Max-Planck-Gesellschaft - 21. Februar 2008

Interview mit Prof. Dr. Ulrich Sieber vom 20.2.2008 zu den strafrechtlichen Fragen des aktuellen Steuerfalles Liechtenstein


Der Steuerfall Liechtenstein hat inzwischen zu einer äußerst kontroversen Diskussion der einschlägigen Rechtsfragen geführt: Der liechtensteinische leitende Staatsanwalt Robert Wallner prüft eine Strafbarkeit deutscher BND- und Finanzbeamter. Auch in Deutschland wurde bereits Strafanzeige gegen die Beamten gestellt. Die Verwertbarkeit der erlangten Bankdaten wird deswegen kontrovers diskutiert.
In dem folgenden Interview vom 20.02.2008 mit Prof. Dr.
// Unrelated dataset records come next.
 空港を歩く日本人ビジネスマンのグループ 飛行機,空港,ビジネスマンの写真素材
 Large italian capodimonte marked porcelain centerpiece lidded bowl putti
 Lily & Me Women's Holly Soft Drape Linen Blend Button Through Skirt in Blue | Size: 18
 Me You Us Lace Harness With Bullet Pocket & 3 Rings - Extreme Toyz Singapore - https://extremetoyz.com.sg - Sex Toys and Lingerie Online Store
Ulrich Sieber, Direktor am Max-Planck-Institut für ausländisches und internationales Strafrecht in Freiburg, werden die einschlägigen Rechtsfragen erstmals in systematischer und ausführlicher Weise von einem neutralen Experten analysiert.


FRAGE: Der Steuerfall ist durch die liechtensteiner Gegenposition und durch die Diskussion der Amtshilfefragen inzwischen rechtlich kompliziert geworden. Der liechtensteinische Leitende Staatsanwalt Robert Wallner prüft inzwischen sogar die Strafbarkeit möglicher Beihilfehandlungen der deutschen Käufer. Haben sich diese tatsächlich strafbar gemacht?
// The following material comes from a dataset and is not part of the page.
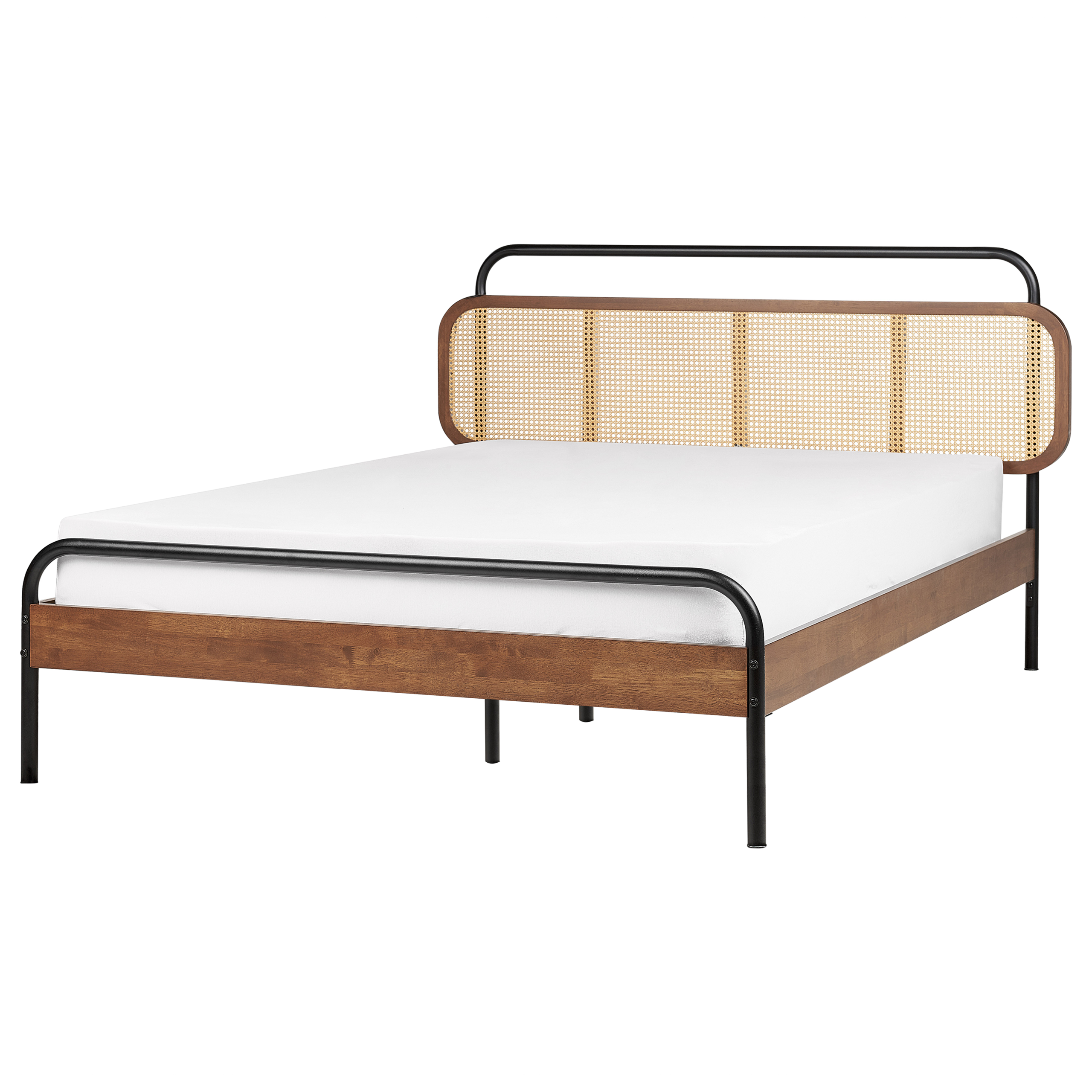 Bed hout donkerbruin 140 x 200 cm BOUSSICOURT
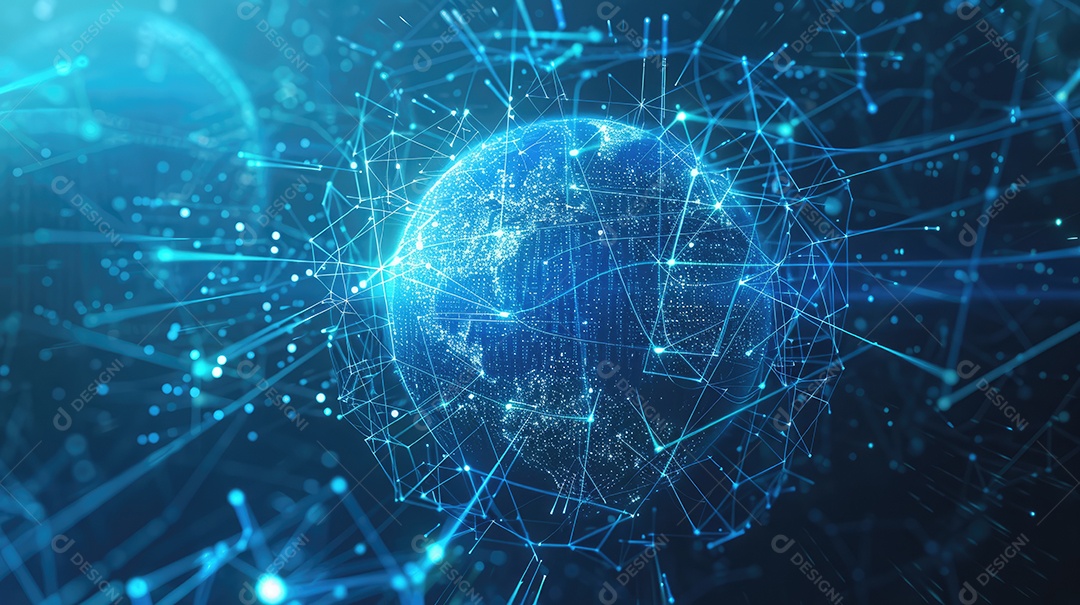 Representação digital da Terra encapsulada em uma grade de rede futurista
SIEBER: Genaues lässt sich hier erst nach Klärung des Sachverhalts sagen, der deswegen ja heute auch im Parlamentarischen Kontrollausschuss erörtert wird. Nach liechtensteinischem Recht liegt jedoch insbesondere die Auskundschaftung eines Geschäftsgeheimnisses zugunsten des Auslands nach Paragraf 124 liechtensteinisches StGB nahe. Dieser Tatbestand ist im Übrigen auch auf Handlungen anwendbar, die im Ausland begangen werden, so dass es hier keine Rolle spielt, ob die Verhandlungen und die Übergabe der Daten in Liechtenstein oder in Deutschland erfolgten. Wenn die Geheimnisse dem Täter z.B. als Treuhänder oder als dessen Mitarbeiter anvertraut waren, kommt auch noch der Tatbestand der Verletzung von Berufsgeheimnissen nach Paragraf 121 Liechtensteiner Strafgesetzbuch in Betracht. Bei diesen Delikten ist auch die Beihilfe strafbar, welche die deutschen Beamten - selbst noch nach der Entwendung der Geheimnisse aus der Bank - zu der entscheidenden Tathandlung der der Geheimnispreisgabe und -verwertung leisten konnten.
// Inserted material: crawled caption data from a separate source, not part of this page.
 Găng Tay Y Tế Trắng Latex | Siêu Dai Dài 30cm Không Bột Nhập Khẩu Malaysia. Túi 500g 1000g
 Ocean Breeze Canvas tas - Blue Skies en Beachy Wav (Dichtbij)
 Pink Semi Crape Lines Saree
FRAGE: Haben sich die deutschen Behörden auch nach deutschem Recht strafbar gemacht?

SIEBER: Dies hängt ebenfalls von den konkreten Umständen des Falles ab. Deutschland kennt keinen Straftatbestand der Verletzung von Bankgeheimnissen. Nach deutschem Recht dürfte sich der Verkäufer der Daten jedoch wegen des Verrats von Geschäftsgeheimnissen gem. Paragraf 17 Abs. 2 Nr. 2 des Gesetzes gegen den unlauteren Wettbewerb (UWG) strafbar gemacht haben, wenn die Tat in Deutschland begangen wurde, wenn der Täter Deutscher war oder wenn es um bestimmte Geheimnisse von deutschen Unternehmen ging. Falls der Verkäufer die geheimen Bankdaten als Rechtsanwalt oder Wirtschaftsprüfer oder als Gehilfe dieser Personen erlangte, kommt für Tathandlungen in Deutschland darüber hinaus die Offenbarung von Privatgeheimnissen nach Paragraf 203 StGB in Betracht.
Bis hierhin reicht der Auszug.